Every new diet makes the claim that it has an edge over the others. But does a “best diet” exist?
According to U.S. News & World Report, the DASH diet ranks number one for best diets overall in 2014, followed by the TLC diet and the Mayo Clinic Diet. The Mediterranean diet, which has received plenty of approval lately and touts foods rich in healthy fats like olive oil and fish, comes in at number four. But in spite of all the press and advertising surrounding most common diets, a group of scientists from Yale believe that the best diet of all is quite simple: eating "real" food.
Researchers Dr. David Katz and Stephanie Meller decided to dig into this age-old question in their study, “Can We Say What Diet Is Best for Health?” The study identifies and compares current major diets, including low carb, low fat, low glycemic, Mediterranean, DASH, Paleolithic, vegan, and is the first study to closely compare a wide range of different diets. “There have been no rigorous, long-term studies comparing contenders for best diet laurels using methodology that precludes bias and confounding,” the authors wrote in the study. “For many reasons, such studies are unlikely.”
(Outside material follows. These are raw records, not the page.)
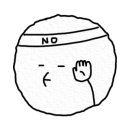 한보옥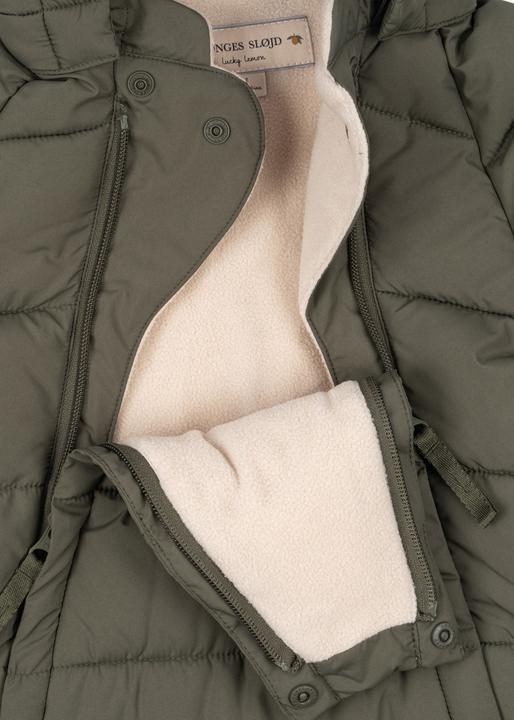 Immagine prodotto Konges Slojd Schneeoverall Alpi (98)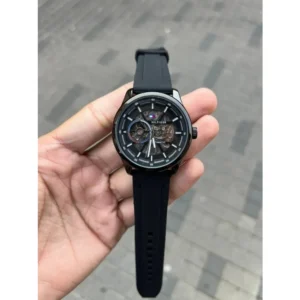 Tommy Hilfiger Watch Automatic For Men (SL193)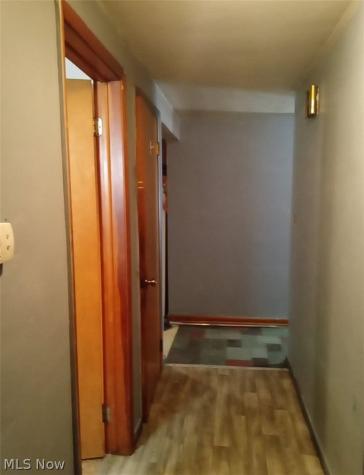 423 Rosemont Avenue Steubenville OH 43952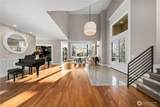 3410 Mercer Way - Photo 11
Perhaps it’s no surprise that Katz and his fellow authors were unable to pinpoint one particular best diet. Ultimately, the authors conclude that eating “minimally processed foods close to nature, predominantly plants, is decisively associated with health promotion and disease prevention” are the way to go. Some of the benefits of a vegetable or plant-rich diet include a decreased risk of cancer and heart disease: These foods range from basic fruits and vegetables to whole grains, nuts, and seeds.
Meanwhile, there are some good fats and bad fats, so is it necessary to avoid all fat? The researchers found “no decisive evidence” that low-fat diets trump healthful fat diets, such as the Mediterranean.
The advice is similar to what Michael Pollan, a journalist and author of The Omnivore’s Dilemma, has written about. “Eat food,” he wrote in The New York Times back in 2007. “Not too much. Mostly plants.”
Pollan believes that a bit of meat won’t kill you, “though it’s better approached as a side dish than as a main,” he wrote. “Once, food was all you could eat, but today there are lots of other edible foodlike substances in the supermarket.”
Katz was inspired to research diets back when he was working on his residency in internal medicine in 1993, during which “Actual Causes of Death in the United States” was published in the Journal of the American Medical Association. The seminal research stated that diet was a major factor in causing deaths in 1990, listed along with causes like tobacco, alcohol, microbial agents, toxic agents, firearms, and drugs. “The evidence that with knowledge already at our disposal, we could eliminate 80 percent of chronic disease is the basis for everything I do,” Katz told The Atlantic. “Here we are more than 20 years later and we’ve made just about no progress.”
At the end of the day, Katz believes it’s not about which diet is better; but rather creating a unified public health front about how to simply eat well in moderation. This means getting a wide range of foods, preferably natural and plant-based, but eating healthy fats and carbs and meats shouldn’t be avoided. “I don’t have a dog in the fight,” Katz told The Atlantic. “I don’t care which diet is best. I care about the truth.”